2

I am looking for a way to update every document in a collection called "posts".

Posts get updated periodically with a popularity (sitewide popularity) and a strength (the estimated relevance to that particular user), each from different sources. What I need to do is multiply popularity and strength on each post to get a third field, relevance. Relevance is used for sorting the posts.

class Post
  include Mongoid::Document

  field :popularity
  field :strength
  field :relevance
  ...

The current implementation is as follows:

1) I map/reduce down to a separate collection, which stores the post id and calculated relevance.

2) I update every post individually from the map reduce results.

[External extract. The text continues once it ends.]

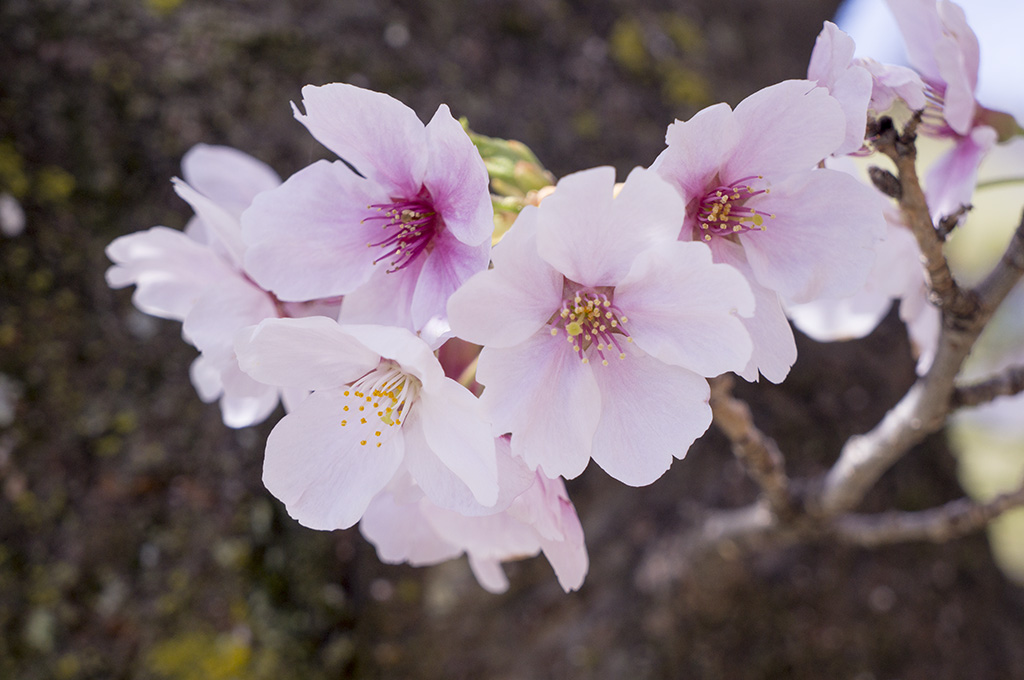 𝓟𝓻𝓲𝓷𝓬𝓮𝓼𝓼 tweet media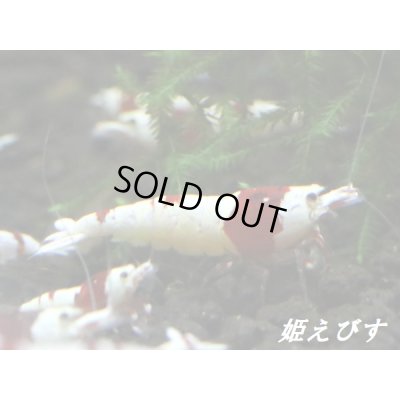 画像4: 【新ミドルネーム個体登場！！】レッドビーシュリンプ【紅帥：Kousui】　１０匹セット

This is a huge amount of individual update queries, and it seems silly to map each post to its own result (1-to-1), only to update the post again. Is it possible to multiply in place, or do some sort of in-place map?

Matt McCormick
  • 582
  • 1
  • 4
  • 21
  • This might be a duplicate if my solution here works: http://stackoverflow.com/a/8230759/131227 – Mark Bolusmjak Feb 01 '12 at 19:50
  • Thanks for the link. I am hesitant to overwrite entire documents in the original collection, because the post collection is updated periodically as users take actions on the site, and I'd be worried about concurrency. – Matt McCormick Feb 01 '12 at 21:25

1 Answers1

0

Is it possible to multiply in place, or do some sort of in-place map?

Nope.

The ideal here would be to have the Map/Reduce update the Post directly when it is complete. Unfortunately, M/R does not have that capability. In theory, you could issue updates from the "finalize" stage, but this will collapse in a sharded environment.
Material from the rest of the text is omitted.